-- Opening Marker --
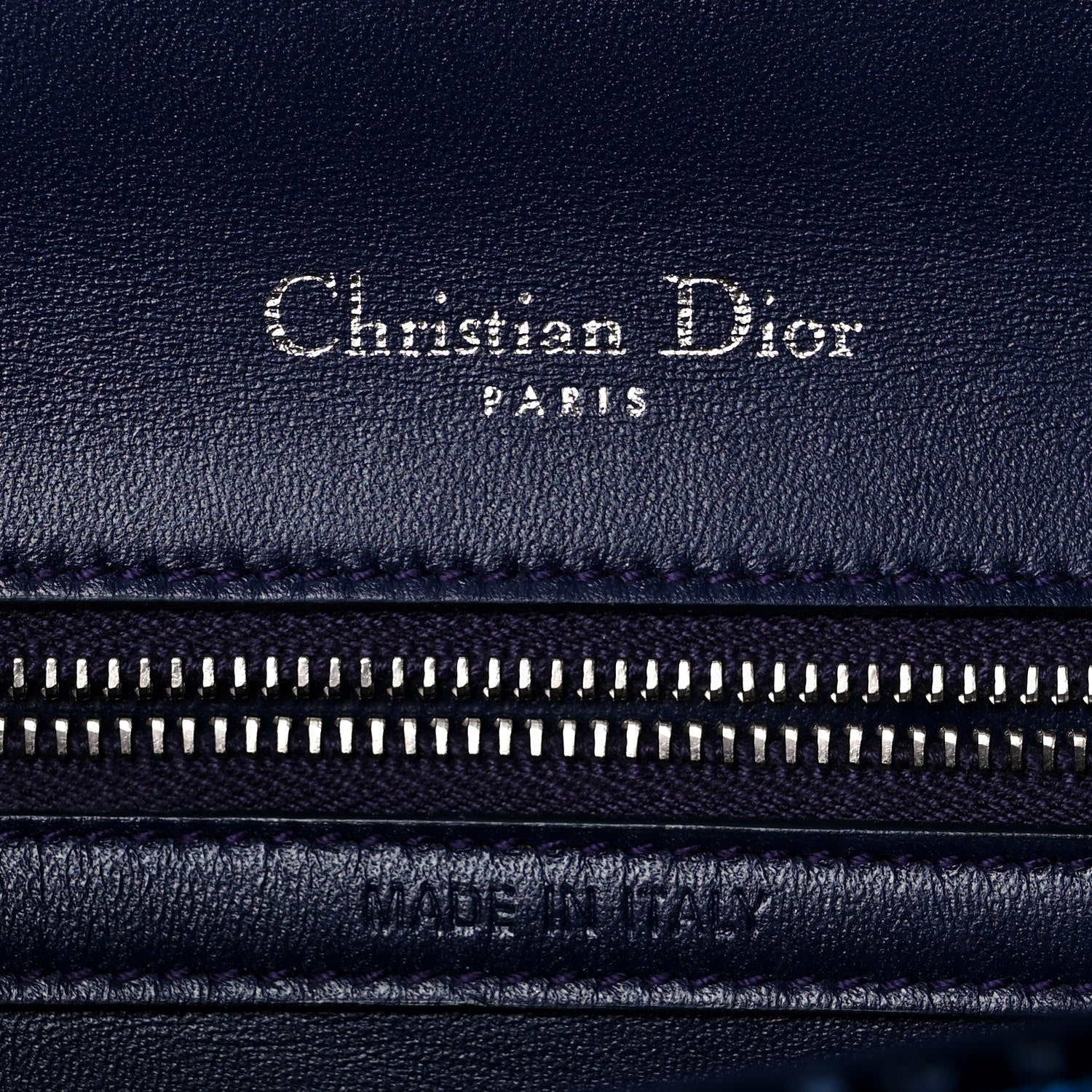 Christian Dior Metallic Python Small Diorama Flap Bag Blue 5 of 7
-- Closing Marker --
-- Opening Marker --
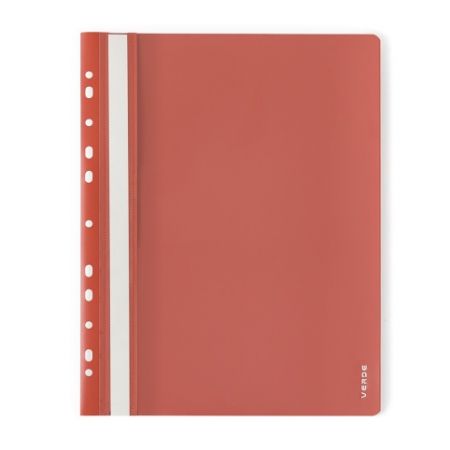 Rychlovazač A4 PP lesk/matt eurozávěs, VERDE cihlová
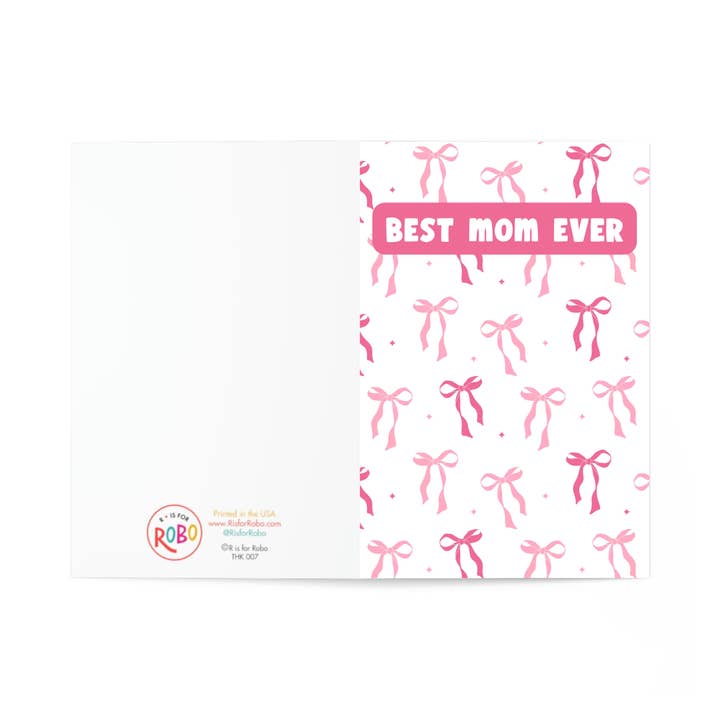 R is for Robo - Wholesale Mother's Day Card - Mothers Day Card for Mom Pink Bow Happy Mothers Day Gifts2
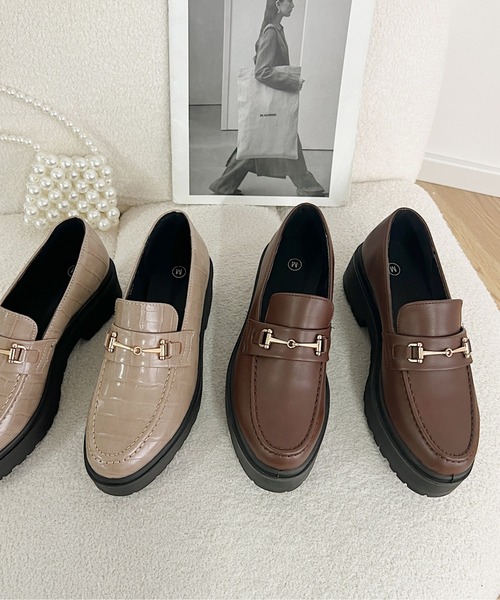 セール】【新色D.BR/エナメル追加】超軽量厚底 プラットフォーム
-- Closing Marker --
-- Opening Marker --
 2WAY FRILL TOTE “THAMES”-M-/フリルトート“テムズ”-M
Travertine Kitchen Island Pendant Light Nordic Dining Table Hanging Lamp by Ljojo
-- Closing Marker --
• [EXERCISE PROMPT]: In the material above, one part opens with the line containing "R is for Robo" and closes with the line containing "セール】【新色D.BR/エナメル追加】超軽量厚底 プラットフォーム". Write out that part exactly and skip its pictures.

• [THE COMPLETED TASK]:
 R is for Robo - Wholesale Mother's Day Card - Mothers Day Card for Mom Pink Bow Happy Mothers Day Gifts2
 セール】【新色D.BR/エナメル追加】超軽量厚底 プラットフォーム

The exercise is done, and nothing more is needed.